Sometimes, when people feel all insecure and want to pump up how good college basketball is, they’ll talk about how anyone can beat anyone. But the reality is there just isn’t a lot of change in the upper or lower tiers of conferences over time.
It’s obviously not complete mayhem these days. The best programs still get first pick at the transfer portal. Still, last season was Kansas’s worst rank ever over the history of my ratings. UCLA went from a two-seed to a losing record. Miami went from the Final Four to a losing record. Arkansas went from the Sweet Sixteen to a losing record.
There are certainly some drawbacks to all of the player movement, but to me, one of the benefits is that it’s not a given that a particular program will be good (or bad) forever. Now more than ever, past success is no guarantee for future success.
When I first started doing preseason ratings, I didn’t even include transfers. Using program history and returning production was good enough. Last offseason I did a fair amount of work to improve the performance of the preseason ratings for our new world. The results were encouraging but some or even most of this could be luck. The annual error plot indicates there was a lot of variability in past seasons and spoiler, I wasn’t changing the preseason algorithm every season.
But the following plot is promising. It compares the year-to-year correlation of team ratings to the preseason-to-final correlation of team ratings for each season.
You can see these lines generally move together.
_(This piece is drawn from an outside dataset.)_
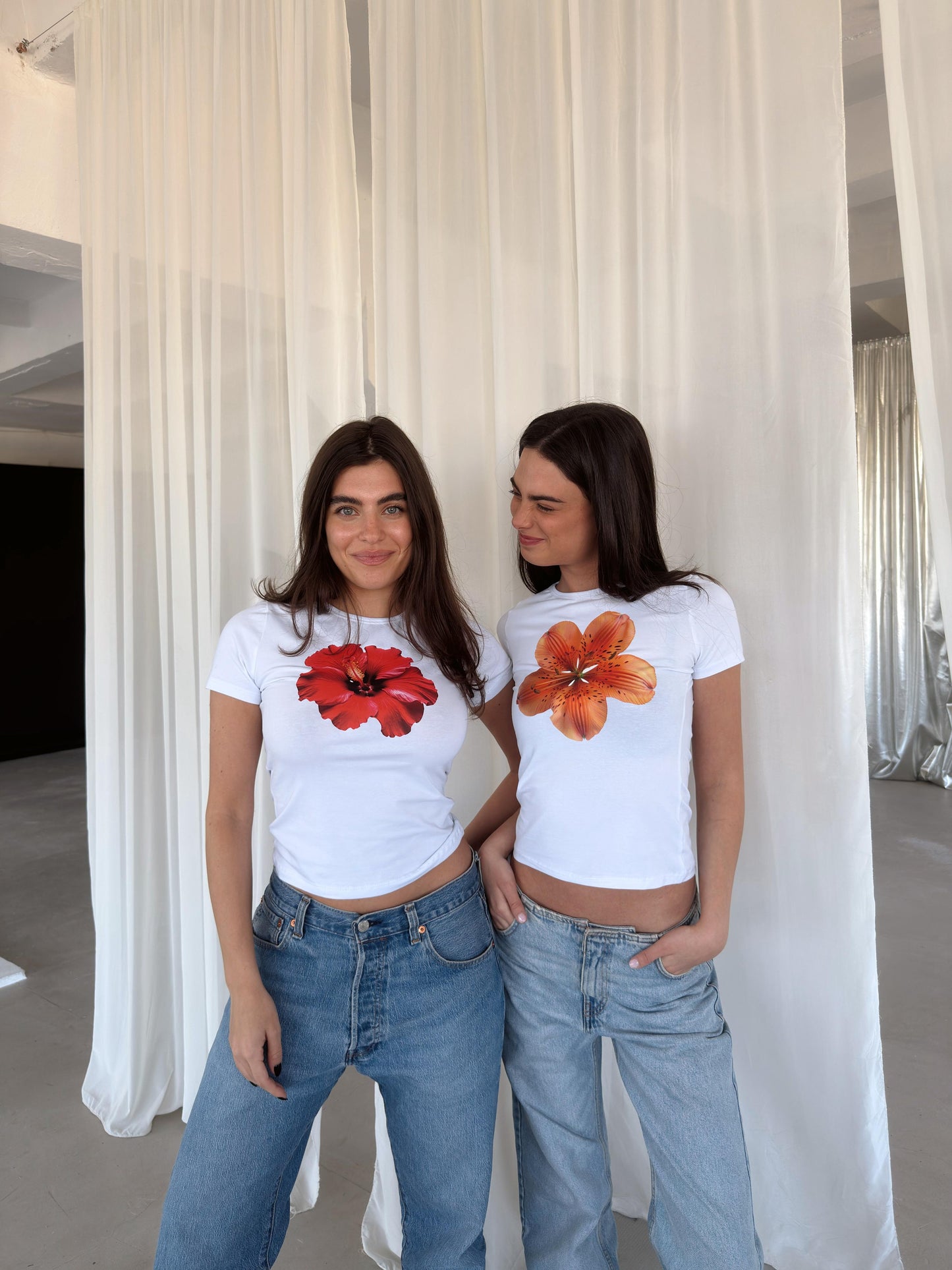 White top with orange flower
Historically, when season-to-season correlation has been higher, the preseason ratings have performed better. Last year, though, things were different. This relationship decoupled: Year-to-year correlation was as low as it’s been since I started doing preseason ratings and yet the ratings still did well.
I don’t want to overstate things. As I discussed in last season’s post, there is quite a bit of uncertainty in the preseason ratings. Any prediction system is only going to do so well. And even the end-of-season ratings themselves are far from a perfect measure of a team’s true ability. So don’t worry, there will still be some big misses.
Like you, I’m not comfortable with Villanova at 20th or Kentucky at 43rd. Dayton at 27 seems high. But given that the ratings work well for the vast majority of teams, I don’t want to completely dismiss the oddballs, either. For me, it’s always fun to look back on the previous season’s ratings and see how my outliers did. I’m not going to do that here, because last season there were more than ever, but needless to say some hit and some missed. But enough hit to make me feel comfortable with the preseason algorithm. I will always have South Carolina and McNeese, which we had 19 and 33 spots, respectively, than any other system.
And finally, I’ll make my annual note that there’s too much herding among AP voters. Here are the five teams I have ranked outside the range of the 60 voters:
Administrative note: I updated the ratings over the weekend based on additional player news since the original release. I also found a few dozen players missing from my original rosters, mainly affecting teams in one-bid conferences.
Spoiler alert: It will be even lower this season.